[Short descriptive text snippets]

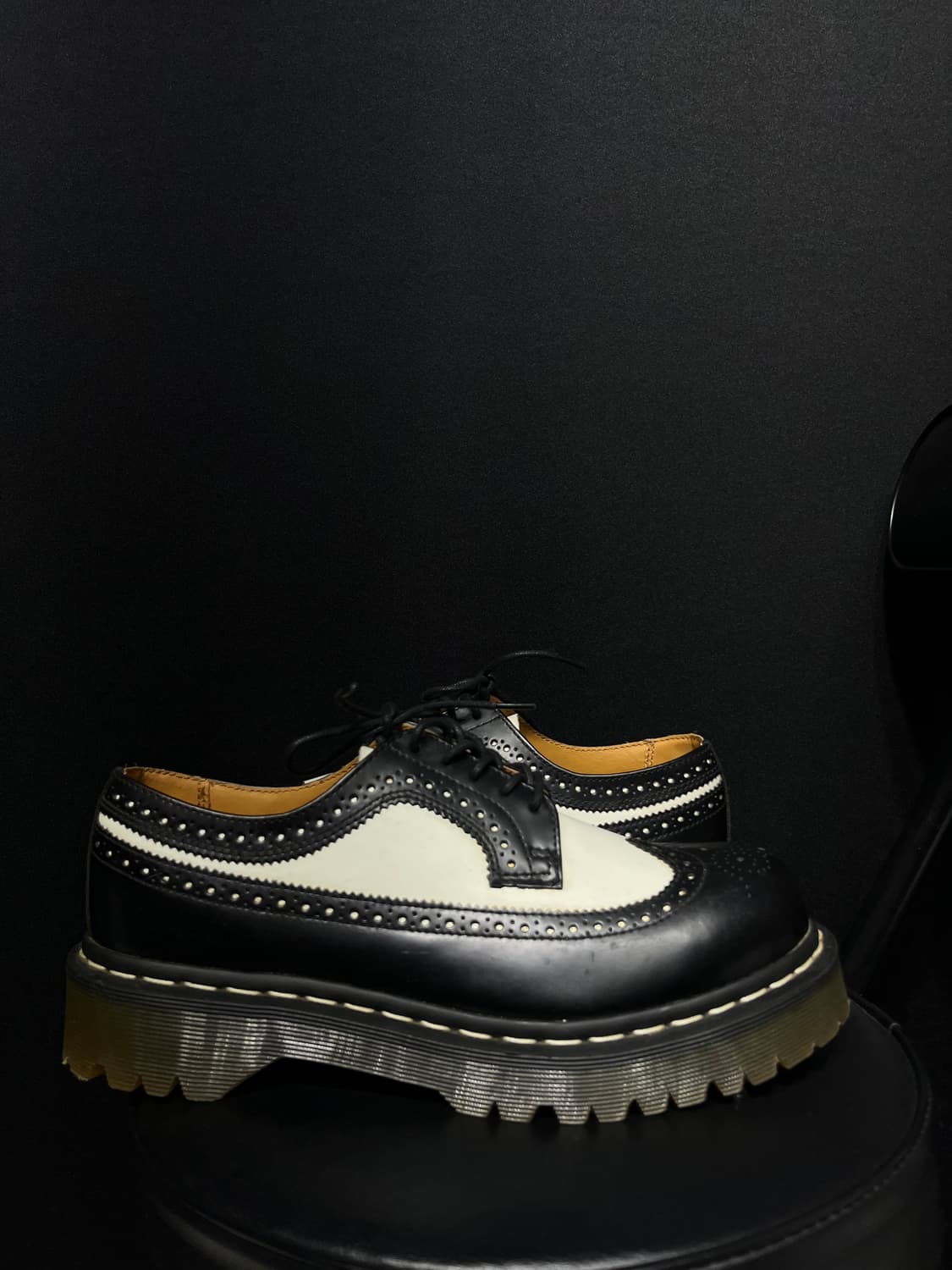 닥터마틴 블랜앤화이트 스므스 로퍼 상품이미지5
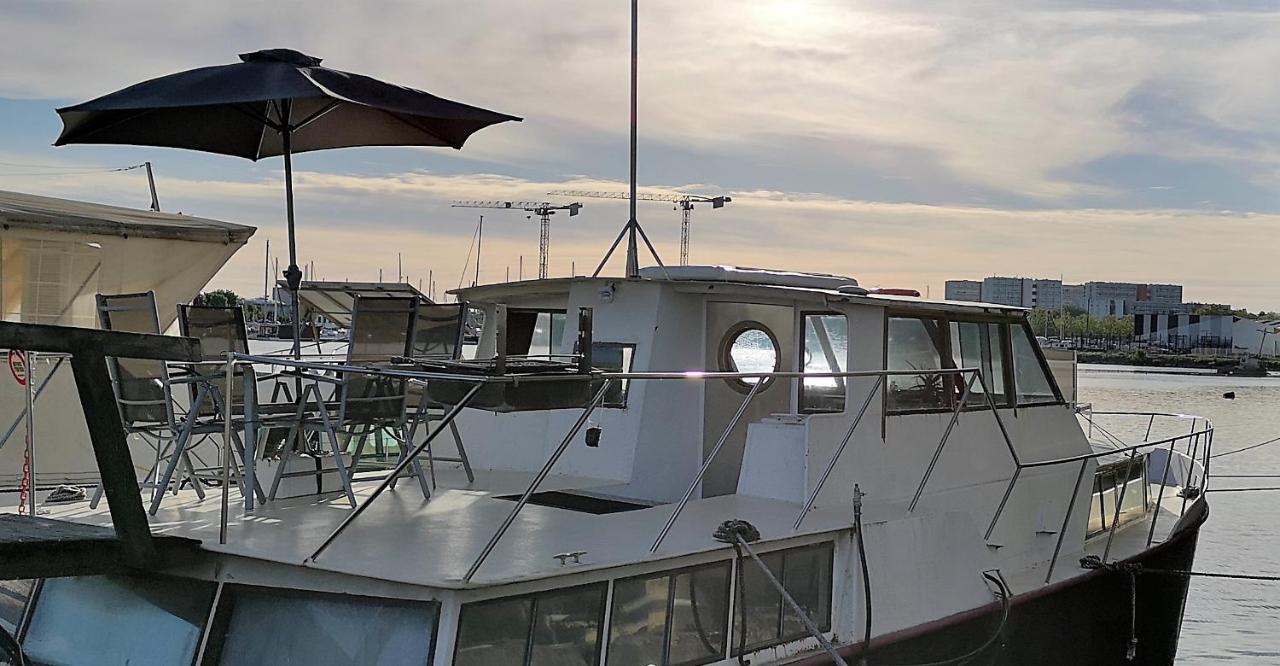 فندق Le Bateau Ivre بوردو المظهر الخارجي الصورة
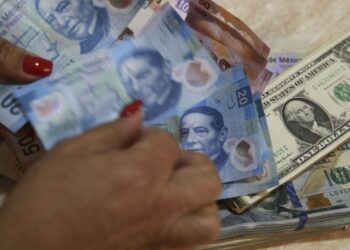 El peso mexicano rompe un nuevo techo: 17,31 unidades por dólar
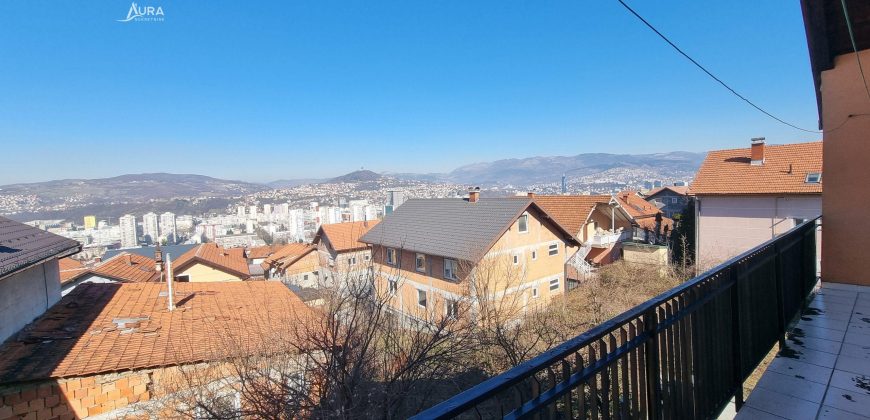 Kuća sa 2 stana / Novo Sarajevo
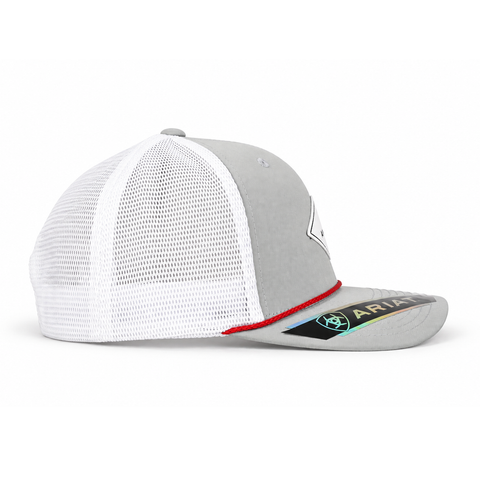 Gorra ARIAT gris con malla blanca y cordón rojo, vista lateral-izquierdo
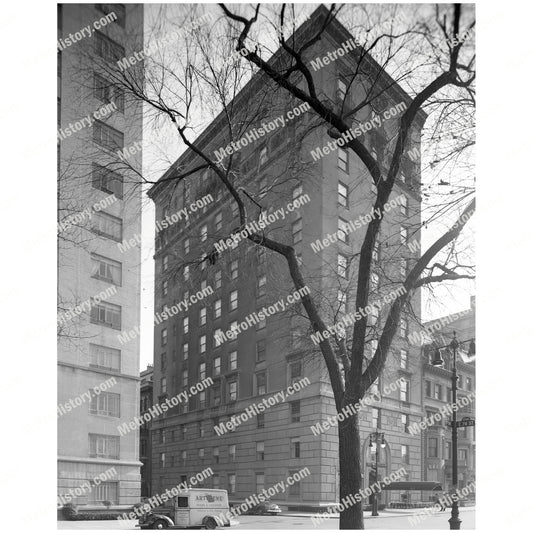927 Fifth Avenue at East 74th Street, Manhattan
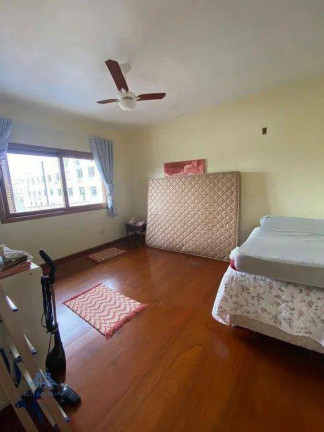 Imagem Casa com 4 Quartos à Venda, 315 m² em Trindade - Florianópolis Imagem Casa com 4 Quartos à Venda, 315 m² em Trindade - Florianópolis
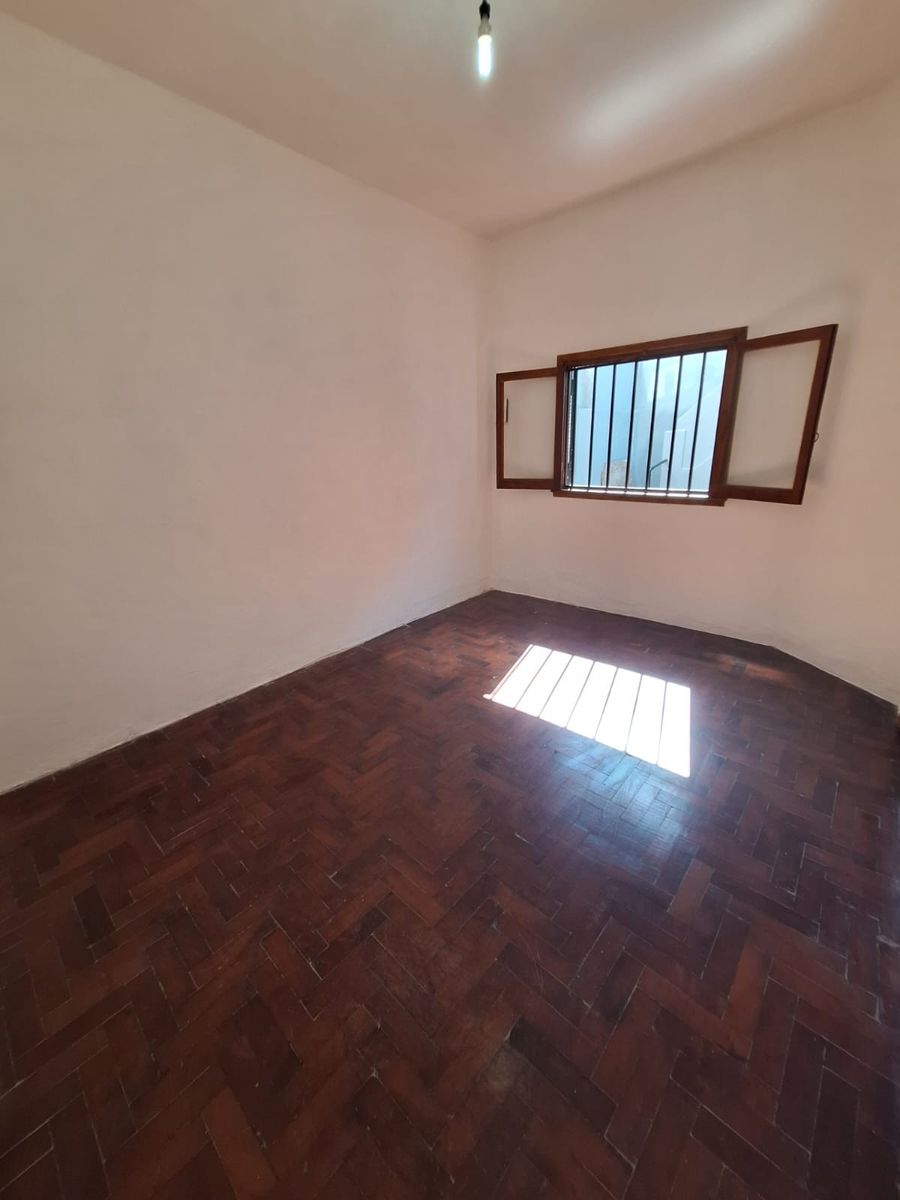 Hermoso PH en venta. Dos dormitorios, patio y terraza con quincho yparrilla. A cuadras de Las Lomitas. — foto 7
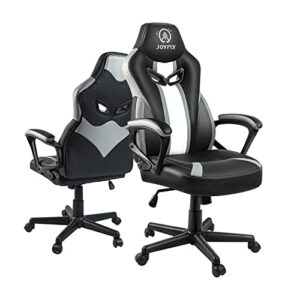 Silla gaming JOYFLY de cuero sintético en negro y gris, con cojín lumbar y diseño ergonómico.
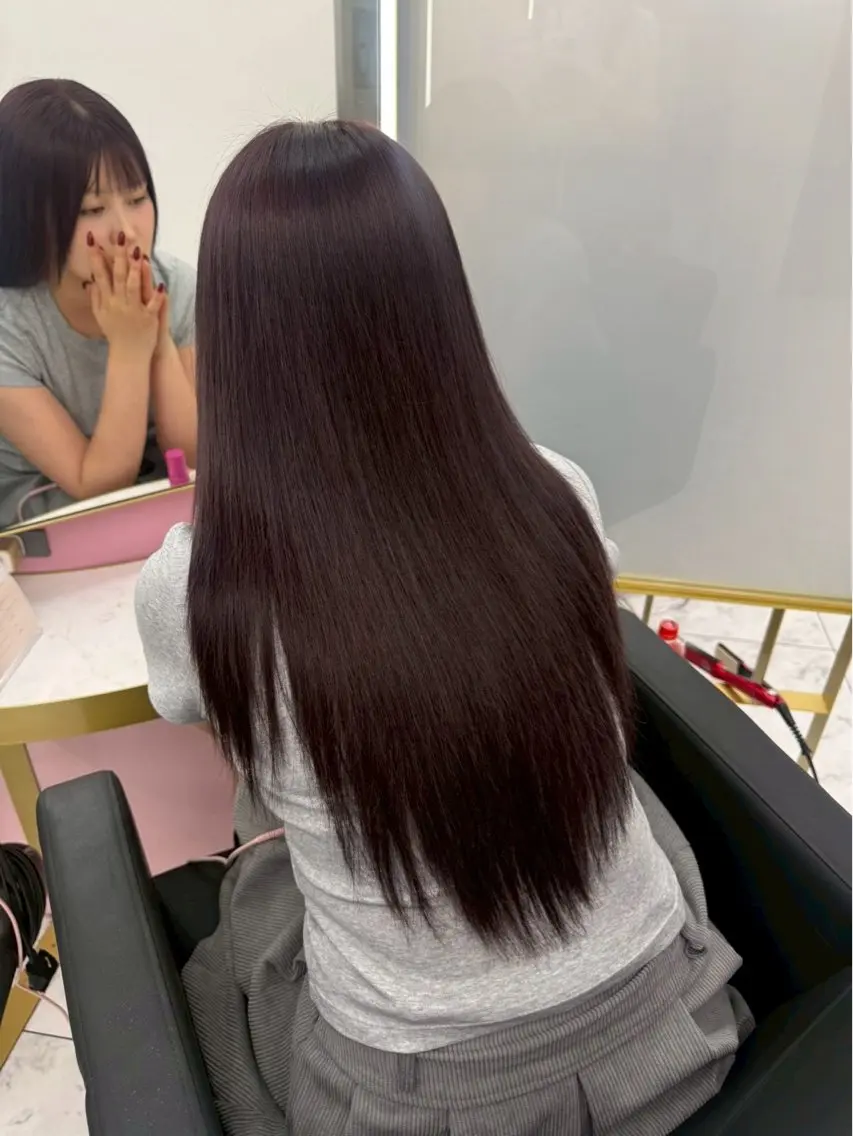 ロング カラー ブリーチ 透明感カラー グレージュ ラベンダーカラー ラベンダーグレージュ ヘアカラー 透明感たっぷりカラー /レイヤー/ココロのヘアスタイル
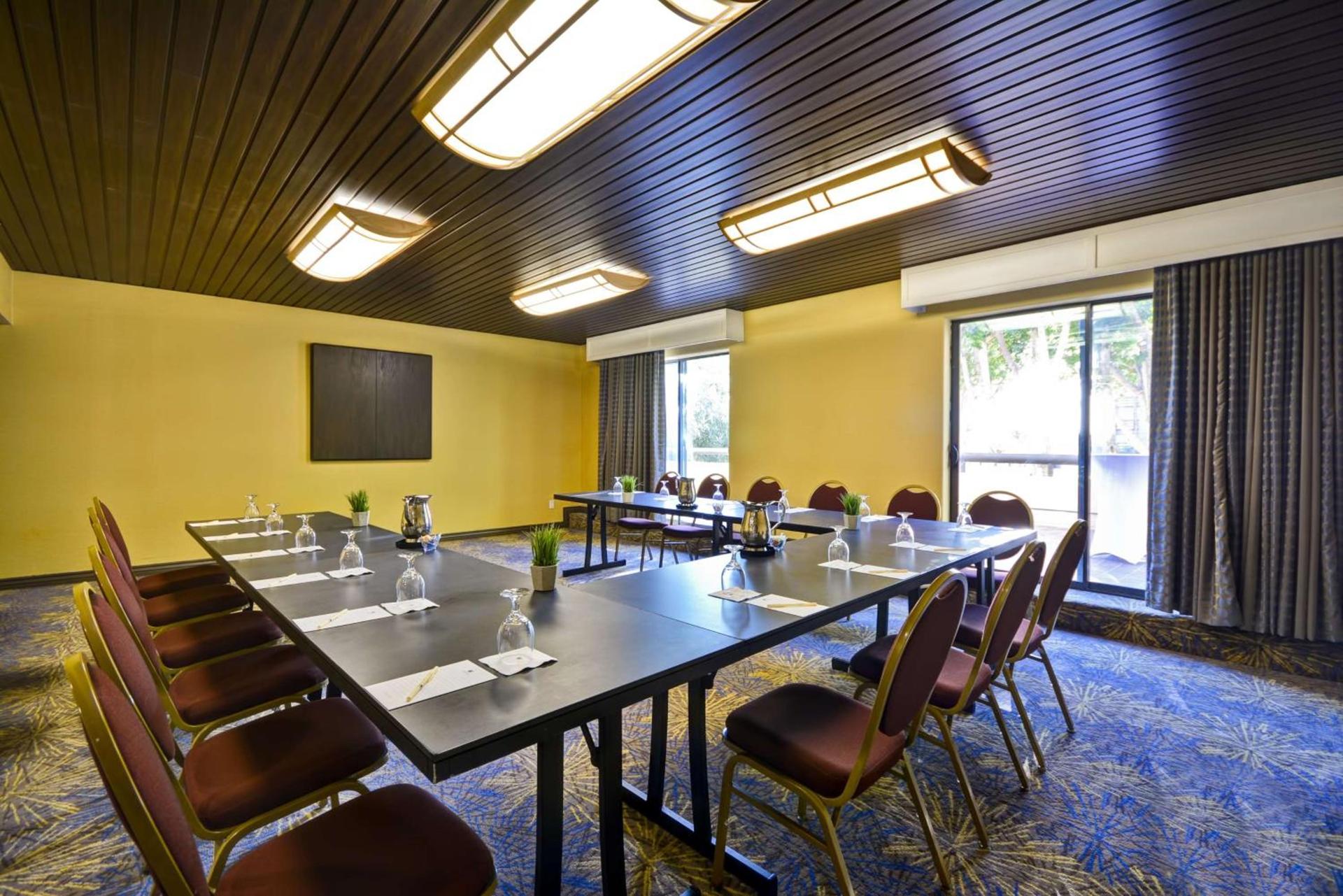 DoubleTree by Hilton Phoenix North photo 46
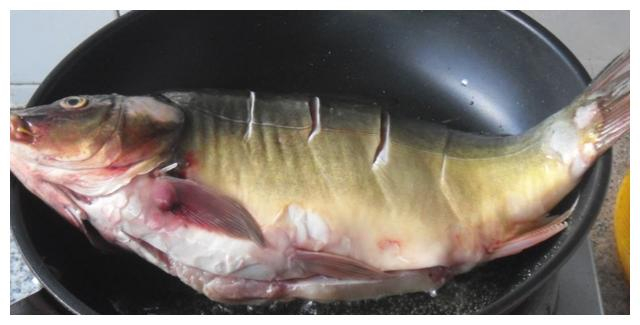 小鱼怎么做最好吃最简单的 w700d1q75cms.jpg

* [EXERCISE PROMPT]: Write out every entry above exactly, minus the pictures.

* [RESPONSE TO THE TASK]:
 닥터마틴 블랜앤화이트 스므스 로퍼 상품이미지5
 فندق Le Bateau Ivre بوردو المظهر الخارجي الصورة
 El peso mexicano rompe un nuevo techo: 17,31 unidades por dólar
 Kuća sa 2 stana / Novo Sarajevo
 Gorra ARIAT gris con malla blanca y cordón rojo, vista lateral-izquierdo
927 Fifth Avenue at East 74th Street, Manhattan
 Imagem Casa com 4 Quartos à Venda, 315 m² em Trindade - Florianópolis Imagem Casa com 4 Quartos à Venda, 315 m² em Trindade - Florianópolis
 Hermoso PH en venta. Dos dormitorios, patio y terraza con quincho yparrilla. A cuadras de Las Lomitas. — foto 7
 Silla gaming JOYFLY de cuero sintético en negro y gris, con cojín lumbar y diseño ergonómico.
 ロング カラー ブリーチ 透明感カラー グレージュ ラベンダーカラー ラベンダーグレージュ ヘアカラー 透明感たっぷりカラー /レイヤー/ココロのヘアスタイル
 DoubleTree by Hilton Phoenix North photo 46
 小鱼怎么做最好吃最简单的 w700d1q75cms.jpg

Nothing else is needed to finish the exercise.